Sementara itu, beberapa
lembaga swadaya masyarakat yang memantau proses ini menengarai, komisioner
KPU punya preferensi: meloloskan yang tak lengkap dan mengeliminasi parpol
baru. Badan Pengawas Pemilu membahasakannya: ada pelanggaran kode etik.
Indikasinya, sebelum
Mahkamah Konstitusi memutuskan bahwa parpol yang di DPR juga harus ikut
diverifikasi, semua syarat verifikasi yang berat tidak bisa dinegosiasikan.
Disengaja atau tidak, proses verifikasi yang sedang berlangsung mengarah pada
lolosnya semua parpol yang memiliki kursi di DPR. Kondisi status quo ini
tentunya tidak sejalan dengan kehendak publik yang mengharapkan perubahan.
Teori psikologi sosial
klasik dari Kurt Lewin, field theory, menganggap benak manusia sebagai medan
energi yang kompleks dan mengandung ketegangan-ketegangan dengan beragam
titik keseimbangan. Manusia memiliki sejumlah kebutuhan yang menciptakan
ketegangan sampai ia terpenuhi.
Valensinya bisa positif
dengan mendekati suatu obyek tujuan atau menjauhinya.
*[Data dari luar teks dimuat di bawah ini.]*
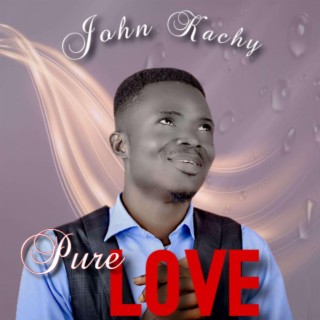 Pure Love lyrics | Boomplay Music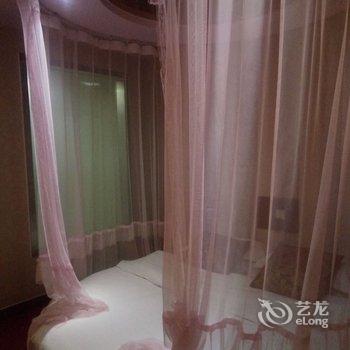 杭锦后旗三禾国际酒店酒店提供图片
Daya ini akan terus
bergerak hingga ia mencapai tujuan. Pada titik ekuilibrium itulah ketegangan
mereda. Salah satu kebutuhan yang sifatnya psikologis adalah hadirnya virtu.
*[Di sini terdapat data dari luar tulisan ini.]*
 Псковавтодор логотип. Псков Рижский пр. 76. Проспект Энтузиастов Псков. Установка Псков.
Ciri virtu adalah kehadirannya akan mendatangkan pujian, sedangkan jika ia
hilang maka masyarakat merindukannya (Peterson & Seligman, 2004).
Fenomena ini masih akan
berlanjut. Sepanjang tahun ini, sejumlah lembaga melakukan survei preferensi
politik publik. Secara konsisten semua survei menunjukkan 40-50 persen
responden belum menentukan pilihan. Publik masih menunggu adanya tokoh dan
parpol alternatif. Jika tren ini berlanjut hingga 2014, sangat mungkin parpol
yang ada sekarang akan ditinggalkan dan sejumlah tokoh lama dipastikan
kehilangan pamor.
Sebelum 1998, masyarakat
Indonesia haus akan keadilan, keberanian, kemanusiaan, kesederhanaan.
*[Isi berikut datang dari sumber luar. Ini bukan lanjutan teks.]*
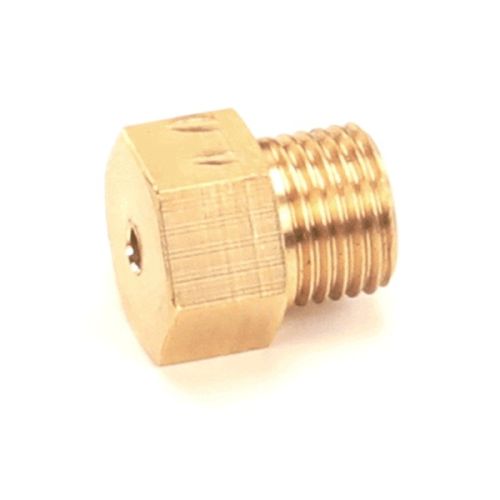 Marsal And Sons 70492 Pizza Oven Drilled Burner Orifice #37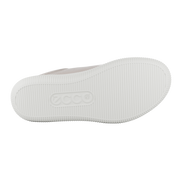 Ecco - Soft Zero - Gravel - Shoes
Kebutuhan ini dirasa banyak orang sehingga jadi daya yang bergerak mencari
pemenuhannya. Tampaknya kebutuhan itu belum jua terpenuhi karena bobroknya
sejumlah elite dan parpol. Ia cair dan terus bergerak di publik Indonesia.
Studi panjang Lembaga
Survei Indonesia menunjukkan besarnya jumlah swing voter sejak Pemilu 1999
diselenggarakan. Besarnya angka swing voter atau yang belum menentukan
pilihan tidak lepas dari proses transisi demokrasi membawa publik lebih
kritis lagi. Publik memiliki kriteria verifikasi sendiri terhadap parpol saat
ini.
Verifikasi pertama soal
korupsi, hal yang paling berbahaya bagi demokrasi dan kepentingan publik. Perilaku
korup yang dipraktikkan sifatnya lintas ideologi dan partai. Tak peduli
berlandaskan marhaenisme, nasionalisme, kekaryaan, bahkan ideologi agama
sekalipun. Publik jadi trauma dengan parpol dan terbangun opini yang
menggeneraliasi: semua parpol korup, termasuk parpol baru yang tidak
melakukan ”dosa” apa pun.
Banyak yang gembira
melihat parpol baru berguguran, demi hasrat kuantitatif pengecilan jumlah
parpol, tanpa sadar kelak mereka akan dihadapkan pada pilihan-pilihan lama
yang terbukti ingkar janji. Padahal, kuasa rakyat adalah meninggalkan pilihan
lamanya dan memberikan dukungan ke pilihan yang baru.
Verifikasi kedua, nilai
demokratis yang dapat diatribusikan kepada suatu partai. Ciri khas demokrasi
adalah kekuasaan dapat dikoreksi. Politik dinasti tentu bukan padanan yang
pas dengan nilai demokrasi. Kebanyakan dari kita, dengan berbagai motif,
diam-diam memakluminya.
Partai yang menghidupi
nilai politik dinasti memiliki mistar keterbatasan. Kader terbaik tetap harus
menunggu restu dari ketua umum. Jangankan anggota biasa, yang satu trah pun
tidak dapat melampaui anak emas. Sementara di partai lain, anak ketua dewan
pembina aktif menyampaikan opini pribadi, berkampanye kepemimpinan 2019 di
ruang publik sampai lupa norma institusi di mana dia bekerja. Tak ter- dengar
teguran dari atasannya.
Pada mulanya gagasan
republik hanya mengenal patriotisme, semangat untuk melakukan yang terbaik
baik bagi masyarakatnya. Jika nasionalisme lebih mencondongkan diri agar
negaranya lebih hebat daripada negara lain, bagi patriotisme, keunggulan
negara hanyalah konsekuensi setelah melakukan yang terbaik bagi bangsanya.
Tujuan politik bagi paham
republik adalah kemaslahatan bersama. Kepentingan publik harus mengatasi
kepentingan pribadi dan kelompok. Prasyaratnya, partisipasi aktif warga
negara. Itu sebabnya kewarganegaraan merupakan salah satu karakter yang dapat
menciptakan virtu keadilan. Ada sebagian warga negara yang terpanggil untuk
membenahi republik dan memaksimalkan nilai demokrasi. Akan tetapi, ada
keterbatasan dan peluang hanyut jika berjuang dari dalam partai yang toleran
pada korupsi dan membiakkan politik dinasti.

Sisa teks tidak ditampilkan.